On the way back we were stopped by an uniformed man on the Serb side of the avenue. He asked for our ID's, and I was the only one who had my refugee card from Belgrade with me. Since my name sounds Serbian, I was 'safe'. Both my mom and her friend have Muslim sounding names, and would have trouble if caught on the Serb side. The solider asked my mom for her name, and she was witty enough to answer with the name where she removed one letter from it and said a similar name that sounds Serbian. The third lady then did the same. After little more questioning, he then let us pass.

This time we were lucky that this armed man didn't insist we all show him the ID's and didn't take us in for any further investigation.

The level of destruction

Pictures speek for themselves.

This is a "Loris" building near the Zeljo soccer stadium, that was on the first line of defense. That was the first line that my friend and I were considering crossing while we were trapped on Grbavica trying to return into the city. The building was hit so many times, that the entire staircase on the corner has collapsed. It was made from the iron reinforced concrete.














All of these buildings, although some looked like they have been eaten up by termites, are patched up and still standing.









These two images are from the neighbourhood closest to the airport that we had to go through when embarking on the adventure to go through the tunnel under the runway.

Back with the storries

I haven't posted in a while...
See, I was visiting Bosnia couple of months ago, and all of these memories came back alive during my time there. I just wanted to take some times to process them.

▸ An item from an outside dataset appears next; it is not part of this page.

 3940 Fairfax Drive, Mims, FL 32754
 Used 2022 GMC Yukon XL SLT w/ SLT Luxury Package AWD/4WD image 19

One interesting fact that I learned about these memories is that they affect me very much differently than they do for my mom, and probably other people who have lived through the first two years of the war that I avoided. They are very reluctant to bring them up to the surface, because they stir up too much emotions for them. Even when a war time event creeps up into a conversation unintentionally, they are quick to drop the subject as neither party wants to think about that time period. I noticed this first hand with my mom when I would ask her some details that I missed or forgot, and she basically asked me not to ask so much.

I guess I am blessed to not have such deep scars on my soul, and can re-tell these important storries without getting too distrubed.

Monday, June 15, 2009

Displaced

I never knew there is a difference between definition of refugees and displaced persons until I became one. A displaced person is someone who was forced to leave their home but still lives in the same city. A refugee is a displaced person who lives in a different city.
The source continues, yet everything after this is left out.